Get whatever you want. It doesn't matter if it's Mac or PC (although PC's are cheaper) because the screenwriting software works on both. Not only that, all the software for screenwriting is just a specialized word processor, so you don't even need a top of the line model.
In fact, I recommend computers for screenwriters be as simple as possible. You don't need any more distractions keeping you from writing (I delete the solitaire game off the computer before I do anything else with it).
Back everything up!
Get a bunch of thumb drives. Save your files on your computers and all of your thumb drives. They don't have to be large capacity thumb drives either. 2 gig is the tail-end standard right now and you can pick up 4-packs of them pretty cheap. You don't even need that big of drive since your typed screenplays aren't much more than a couple hundred kilobytes, so I recommend getting small ones like these USB-512MB-MINI ultra thin USB thumb drives. They're tiny and cheap so if you want to give someone a copy of your script digitally, just pop one of these in their hands and you might just impress them a little bit...
I really love these HACKED 2 GB USB Flash Drives! It looks like a frayed network cable and thieves don't want to steal it. In fact, I did have a laptop stolen from a cafe once, and the stupid thief pulled out this USB thumbdrive and chucked it on the floor! I was bummed that my laptop got jacked, but I still had all my important files because he thought this frayed cable was junk.
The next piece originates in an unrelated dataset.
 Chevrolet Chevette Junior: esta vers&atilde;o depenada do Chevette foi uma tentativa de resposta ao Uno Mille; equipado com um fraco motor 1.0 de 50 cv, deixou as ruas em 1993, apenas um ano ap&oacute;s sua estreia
Get a couple. One you leave at home and one for on the go. If you only save one copy of your script and something goes wrong with your computer (or it's stolen), you just witnessed the equivalent of your dog chewing up your typed manuscript. It's a devastating occurrence.
Get a cheap laser printer.
You will be printing your script out over and over again as you make tiny (or major) revisions. Those BubbleJet printers just take way too long and don't have the capacity a laser printer has. A laser printer is going to be your best friend. I'm kind of a connoisseur of laser printers. I've had a ton over my life. My favorite? By far, Hewlett Packard makes the best, most solid, most reliable printers I've ever used. There's a reason they lead the field in printer sales. I love my HP Laserjet P1606Dn! It has a huge paper capacity, prints super fast, and hooks right up to my home network. The best part is that it prints text fabulously and will auto-duplex so all you do is hit print and a couple minutes later, you've got a brand new warm script in your hands. Also, the high capacity toner cartidge is around $60 so it won't hurt so bad when you run out of toner.
Cheap is a relative term here, so just get the best laser printer you can afford, preferably one that has some way of doing double-sided prints and one that doesn't have $100 replacement toner cartridges (a hard lesson to find out later...). Check with a reputable source like 123inkjets.com before you buy your laser printer to make sure it won't end up costing you more than you want to afford.